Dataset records
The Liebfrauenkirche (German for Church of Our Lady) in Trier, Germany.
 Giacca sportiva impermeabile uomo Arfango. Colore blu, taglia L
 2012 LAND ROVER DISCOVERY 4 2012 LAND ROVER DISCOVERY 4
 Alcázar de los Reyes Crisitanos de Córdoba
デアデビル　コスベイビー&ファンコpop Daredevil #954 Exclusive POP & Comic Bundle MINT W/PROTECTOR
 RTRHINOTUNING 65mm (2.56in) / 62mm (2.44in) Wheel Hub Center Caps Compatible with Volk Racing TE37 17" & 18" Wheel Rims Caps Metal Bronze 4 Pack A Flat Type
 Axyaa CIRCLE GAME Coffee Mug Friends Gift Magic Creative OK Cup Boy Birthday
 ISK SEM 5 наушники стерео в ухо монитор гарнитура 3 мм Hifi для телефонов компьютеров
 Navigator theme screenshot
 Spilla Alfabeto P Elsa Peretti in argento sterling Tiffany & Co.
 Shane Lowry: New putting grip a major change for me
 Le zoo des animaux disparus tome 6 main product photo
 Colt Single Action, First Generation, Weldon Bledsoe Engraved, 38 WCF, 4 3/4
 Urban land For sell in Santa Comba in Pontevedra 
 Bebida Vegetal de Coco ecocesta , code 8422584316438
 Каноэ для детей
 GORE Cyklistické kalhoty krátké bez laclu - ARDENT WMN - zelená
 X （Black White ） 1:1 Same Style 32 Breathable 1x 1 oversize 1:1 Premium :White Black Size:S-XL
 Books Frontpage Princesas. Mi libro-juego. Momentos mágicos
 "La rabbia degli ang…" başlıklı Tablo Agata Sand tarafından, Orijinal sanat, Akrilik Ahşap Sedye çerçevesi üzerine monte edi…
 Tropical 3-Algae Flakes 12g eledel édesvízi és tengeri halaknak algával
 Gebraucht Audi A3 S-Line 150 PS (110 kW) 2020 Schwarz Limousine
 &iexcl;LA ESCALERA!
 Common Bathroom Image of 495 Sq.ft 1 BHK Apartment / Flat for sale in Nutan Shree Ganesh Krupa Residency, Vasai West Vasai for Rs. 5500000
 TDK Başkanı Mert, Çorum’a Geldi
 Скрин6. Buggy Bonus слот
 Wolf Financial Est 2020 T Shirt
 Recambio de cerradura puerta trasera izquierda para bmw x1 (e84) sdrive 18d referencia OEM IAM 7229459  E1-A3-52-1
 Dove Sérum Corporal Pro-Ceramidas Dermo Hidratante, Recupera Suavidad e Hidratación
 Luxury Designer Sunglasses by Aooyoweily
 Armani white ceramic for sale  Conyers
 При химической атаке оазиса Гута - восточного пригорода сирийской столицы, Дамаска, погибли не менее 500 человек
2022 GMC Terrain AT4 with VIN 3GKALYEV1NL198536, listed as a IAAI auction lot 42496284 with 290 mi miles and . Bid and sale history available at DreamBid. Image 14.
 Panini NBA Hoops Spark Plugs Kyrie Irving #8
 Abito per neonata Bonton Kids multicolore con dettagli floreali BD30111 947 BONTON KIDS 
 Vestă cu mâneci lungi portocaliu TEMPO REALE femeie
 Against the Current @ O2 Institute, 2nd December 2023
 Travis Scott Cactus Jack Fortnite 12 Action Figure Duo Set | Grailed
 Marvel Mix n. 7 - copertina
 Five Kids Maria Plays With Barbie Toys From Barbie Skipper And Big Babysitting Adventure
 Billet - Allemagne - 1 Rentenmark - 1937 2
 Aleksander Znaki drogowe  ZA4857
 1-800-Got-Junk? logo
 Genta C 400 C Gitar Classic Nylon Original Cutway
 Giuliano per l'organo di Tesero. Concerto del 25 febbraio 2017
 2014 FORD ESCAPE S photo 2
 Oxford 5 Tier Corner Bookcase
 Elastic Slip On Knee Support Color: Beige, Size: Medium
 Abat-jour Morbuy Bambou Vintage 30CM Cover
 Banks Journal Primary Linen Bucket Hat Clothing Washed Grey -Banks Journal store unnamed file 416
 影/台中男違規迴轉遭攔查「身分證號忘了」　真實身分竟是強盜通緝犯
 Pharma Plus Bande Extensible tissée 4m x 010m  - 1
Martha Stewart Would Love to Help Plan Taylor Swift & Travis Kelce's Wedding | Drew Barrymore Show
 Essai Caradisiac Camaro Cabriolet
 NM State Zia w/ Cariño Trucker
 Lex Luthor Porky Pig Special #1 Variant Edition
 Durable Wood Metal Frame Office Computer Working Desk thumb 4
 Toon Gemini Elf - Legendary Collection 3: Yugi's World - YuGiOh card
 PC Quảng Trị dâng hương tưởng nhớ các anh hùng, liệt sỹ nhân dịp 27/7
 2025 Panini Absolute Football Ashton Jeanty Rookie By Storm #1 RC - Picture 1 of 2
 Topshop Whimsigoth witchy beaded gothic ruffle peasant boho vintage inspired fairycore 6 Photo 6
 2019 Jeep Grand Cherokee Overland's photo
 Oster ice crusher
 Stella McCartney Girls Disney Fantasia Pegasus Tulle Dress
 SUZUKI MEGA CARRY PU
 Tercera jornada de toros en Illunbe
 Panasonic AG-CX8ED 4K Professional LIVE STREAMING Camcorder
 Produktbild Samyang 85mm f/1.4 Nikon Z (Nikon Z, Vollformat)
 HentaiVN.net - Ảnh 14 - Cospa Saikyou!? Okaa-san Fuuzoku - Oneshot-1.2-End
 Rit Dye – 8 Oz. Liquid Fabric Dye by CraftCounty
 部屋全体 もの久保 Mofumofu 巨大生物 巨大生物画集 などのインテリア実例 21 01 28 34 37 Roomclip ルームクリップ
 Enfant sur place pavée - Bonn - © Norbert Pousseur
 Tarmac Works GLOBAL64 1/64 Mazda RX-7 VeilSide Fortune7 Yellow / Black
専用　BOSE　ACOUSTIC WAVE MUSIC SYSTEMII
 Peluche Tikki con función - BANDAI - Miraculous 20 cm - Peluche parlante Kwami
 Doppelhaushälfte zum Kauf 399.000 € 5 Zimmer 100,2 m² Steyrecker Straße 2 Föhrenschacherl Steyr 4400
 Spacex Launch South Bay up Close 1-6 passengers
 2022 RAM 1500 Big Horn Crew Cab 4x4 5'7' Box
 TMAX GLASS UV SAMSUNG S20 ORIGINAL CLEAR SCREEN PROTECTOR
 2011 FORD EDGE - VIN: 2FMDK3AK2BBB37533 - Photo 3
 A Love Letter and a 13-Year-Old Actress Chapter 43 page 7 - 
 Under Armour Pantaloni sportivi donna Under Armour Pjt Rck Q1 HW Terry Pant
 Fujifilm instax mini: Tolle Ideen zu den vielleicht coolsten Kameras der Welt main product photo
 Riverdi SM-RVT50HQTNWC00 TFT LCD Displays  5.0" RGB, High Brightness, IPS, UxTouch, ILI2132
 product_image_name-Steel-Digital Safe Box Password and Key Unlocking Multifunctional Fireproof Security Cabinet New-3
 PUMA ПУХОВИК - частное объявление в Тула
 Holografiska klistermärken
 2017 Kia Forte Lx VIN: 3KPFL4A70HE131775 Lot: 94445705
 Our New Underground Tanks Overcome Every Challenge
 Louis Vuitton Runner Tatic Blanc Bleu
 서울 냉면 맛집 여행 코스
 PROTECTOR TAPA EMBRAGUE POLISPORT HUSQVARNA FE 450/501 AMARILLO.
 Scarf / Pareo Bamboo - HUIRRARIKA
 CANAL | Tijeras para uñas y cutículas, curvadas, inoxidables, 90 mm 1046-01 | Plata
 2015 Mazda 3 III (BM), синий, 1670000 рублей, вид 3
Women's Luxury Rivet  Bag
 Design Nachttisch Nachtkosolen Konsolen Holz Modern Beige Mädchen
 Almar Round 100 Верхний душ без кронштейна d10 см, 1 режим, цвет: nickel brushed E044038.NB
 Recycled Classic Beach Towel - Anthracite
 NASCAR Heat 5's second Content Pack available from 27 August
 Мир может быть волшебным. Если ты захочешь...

### Action item
Give back precisely the lines above that start at the line containing "Five Kids Maria" and end at the line containing "Giuliano per l'organo", inclusive. No other lines belong in the output.

### Output of the task
 Five Kids Maria Plays With Barbie Toys From Barbie Skipper And Big Babysitting Adventure
 Billet - Allemagne - 1 Rentenmark - 1937 2
 Aleksander Znaki drogowe  ZA4857
 1-800-Got-Junk? logo
 Genta C 400 C Gitar Classic Nylon Original Cutway
 Giuliano per l'organo di Tesero. Concerto del 25 febbraio 2017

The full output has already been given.